For each entry that follows, write out an identical copy.

Stored data entries:
══════════════════════════════
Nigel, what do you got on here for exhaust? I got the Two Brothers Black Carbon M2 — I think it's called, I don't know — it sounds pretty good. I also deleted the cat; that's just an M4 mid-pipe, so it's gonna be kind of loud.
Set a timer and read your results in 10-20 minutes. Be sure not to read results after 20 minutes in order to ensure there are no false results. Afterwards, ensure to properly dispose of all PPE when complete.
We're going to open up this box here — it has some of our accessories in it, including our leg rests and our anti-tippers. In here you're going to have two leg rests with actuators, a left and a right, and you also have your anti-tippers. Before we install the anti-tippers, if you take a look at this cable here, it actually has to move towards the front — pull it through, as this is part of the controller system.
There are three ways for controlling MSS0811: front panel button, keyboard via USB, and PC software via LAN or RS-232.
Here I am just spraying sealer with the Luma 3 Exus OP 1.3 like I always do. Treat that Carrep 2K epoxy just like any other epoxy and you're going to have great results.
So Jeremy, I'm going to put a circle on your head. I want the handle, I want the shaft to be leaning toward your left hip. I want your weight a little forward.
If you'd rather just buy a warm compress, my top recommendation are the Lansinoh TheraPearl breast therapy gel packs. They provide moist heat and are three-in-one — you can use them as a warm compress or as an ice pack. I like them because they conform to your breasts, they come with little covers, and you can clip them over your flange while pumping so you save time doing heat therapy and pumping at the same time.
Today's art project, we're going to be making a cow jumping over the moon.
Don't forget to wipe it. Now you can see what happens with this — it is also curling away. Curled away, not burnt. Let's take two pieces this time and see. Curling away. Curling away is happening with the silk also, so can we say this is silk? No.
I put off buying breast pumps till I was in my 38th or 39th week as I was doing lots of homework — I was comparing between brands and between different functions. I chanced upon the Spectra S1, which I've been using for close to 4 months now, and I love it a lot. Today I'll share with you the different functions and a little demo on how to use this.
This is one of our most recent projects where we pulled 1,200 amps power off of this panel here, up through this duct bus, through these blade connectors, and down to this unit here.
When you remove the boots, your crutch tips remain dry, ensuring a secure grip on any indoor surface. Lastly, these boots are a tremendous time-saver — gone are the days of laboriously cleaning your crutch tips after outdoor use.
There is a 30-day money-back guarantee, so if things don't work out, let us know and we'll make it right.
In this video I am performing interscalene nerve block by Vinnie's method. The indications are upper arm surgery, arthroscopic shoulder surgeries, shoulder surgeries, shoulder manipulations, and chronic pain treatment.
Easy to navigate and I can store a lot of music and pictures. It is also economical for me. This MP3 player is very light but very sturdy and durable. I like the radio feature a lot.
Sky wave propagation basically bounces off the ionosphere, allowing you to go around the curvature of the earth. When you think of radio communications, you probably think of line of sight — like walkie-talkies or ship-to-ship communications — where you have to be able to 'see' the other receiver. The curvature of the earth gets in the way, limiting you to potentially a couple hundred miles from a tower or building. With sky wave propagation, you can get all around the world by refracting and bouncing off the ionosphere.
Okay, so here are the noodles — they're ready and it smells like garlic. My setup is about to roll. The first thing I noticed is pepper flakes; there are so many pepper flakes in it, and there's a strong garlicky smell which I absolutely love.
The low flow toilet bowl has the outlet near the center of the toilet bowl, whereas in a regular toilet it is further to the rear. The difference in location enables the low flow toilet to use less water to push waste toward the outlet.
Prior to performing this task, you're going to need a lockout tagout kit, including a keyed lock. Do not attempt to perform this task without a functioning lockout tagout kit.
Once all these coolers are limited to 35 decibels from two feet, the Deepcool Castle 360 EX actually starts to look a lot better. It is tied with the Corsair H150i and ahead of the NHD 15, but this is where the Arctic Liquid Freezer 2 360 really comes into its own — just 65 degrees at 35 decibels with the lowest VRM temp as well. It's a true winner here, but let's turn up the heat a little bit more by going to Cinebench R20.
══════════════════════════════
Finished exercise —
Nigel, what do you got on here for exhaust? I got the Two Brothers Black Carbon M2 — I think it's called, I don't know — it sounds pretty good. I also deleted the cat; that's just an M4 mid-pipe, so it's gonna be kind of loud.
Set a timer and read your results in 10-20 minutes. Be sure not to read results after 20 minutes in order to ensure there are no false results. Afterwards, ensure to properly dispose of all PPE when complete.
We're going to open up this box here — it has some of our accessories in it, including our leg rests and our anti-tippers. In here you're going to have two leg rests with actuators, a left and a right, and you also have your anti-tippers. Before we install the anti-tippers, if you take a look at this cable here, it actually has to move towards the front — pull it through, as this is part of the controller system.
There are three ways for controlling MSS0811: front panel button, keyboard via USB, and PC software via LAN or RS-232.
Here I am just spraying sealer with the Luma 3 Exus OP 1.3 like I always do. Treat that Carrep 2K epoxy just like any other epoxy and you're going to have great results.
So Jeremy, I'm going to put a circle on your head. I want the handle, I want the shaft to be leaning toward your left hip. I want your weight a little forward.
If you'd rather just buy a warm compress, my top recommendation are the Lansinoh TheraPearl breast therapy gel packs. They provide moist heat and are three-in-one — you can use them as a warm compress or as an ice pack. I like them because they conform to your breasts, they come with little covers, and you can clip them over your flange while pumping so you save time doing heat therapy and pumping at the same time.
Today's art project, we're going to be making a cow jumping over the moon.
Don't forget to wipe it. Now you can see what happens with this — it is also curling away. Curled away, not burnt. Let's take two pieces this time and see. Curling away. Curling away is happening with the silk also, so can we say this is silk? No.
I put off buying breast pumps till I was in my 38th or 39th week as I was doing lots of homework — I was comparing between brands and between different functions. I chanced upon the Spectra S1, which I've been using for close to 4 months now, and I love it a lot. Today I'll share with you the different functions and a little demo on how to use this.
This is one of our most recent projects where we pulled 1,200 amps power off of this panel here, up through this duct bus, through these blade connectors, and down to this unit here.
When you remove the boots, your crutch tips remain dry, ensuring a secure grip on any indoor surface. Lastly, these boots are a tremendous time-saver — gone are the days of laboriously cleaning your crutch tips after outdoor use.
There is a 30-day money-back guarantee, so if things don't work out, let us know and we'll make it right.
In this video I am performing interscalene nerve block by Vinnie's method. The indications are upper arm surgery, arthroscopic shoulder surgeries, shoulder surgeries, shoulder manipulations, and chronic pain treatment.
Easy to navigate and I can store a lot of music and pictures. It is also economical for me. This MP3 player is very light but very sturdy and durable. I like the radio feature a lot.
Sky wave propagation basically bounces off the ionosphere, allowing you to go around the curvature of the earth. When you think of radio communications, you probably think of line of sight — like walkie-talkies or ship-to-ship communications — where you have to be able to 'see' the other receiver. The curvature of the earth gets in the way, limiting you to potentially a couple hundred miles from a tower or building. With sky wave propagation, you can get all around the world by refracting and bouncing off the ionosphere.
Okay, so here are the noodles — they're ready and it smells like garlic. My setup is about to roll. The first thing I noticed is pepper flakes; there are so many pepper flakes in it, and there's a strong garlicky smell which I absolutely love.
The low flow toilet bowl has the outlet near the center of the toilet bowl, whereas in a regular toilet it is further to the rear. The difference in location enables the low flow toilet to use less water to push waste toward the outlet.
Prior to performing this task, you're going to need a lockout tagout kit, including a keyed lock. Do not attempt to perform this task without a functioning lockout tagout kit.
Once all these coolers are limited to 35 decibels from two feet, the Deepcool Castle 360 EX actually starts to look a lot better. It is tied with the Corsair H150i and ahead of the NHD 15, but this is where the Arctic Liquid Freezer 2 360 really comes into its own — just 65 degrees at 35 decibels with the lowest VRM temp as well. It's a true winner here, but let's turn up the heat a little bit more by going to Cinebench R20.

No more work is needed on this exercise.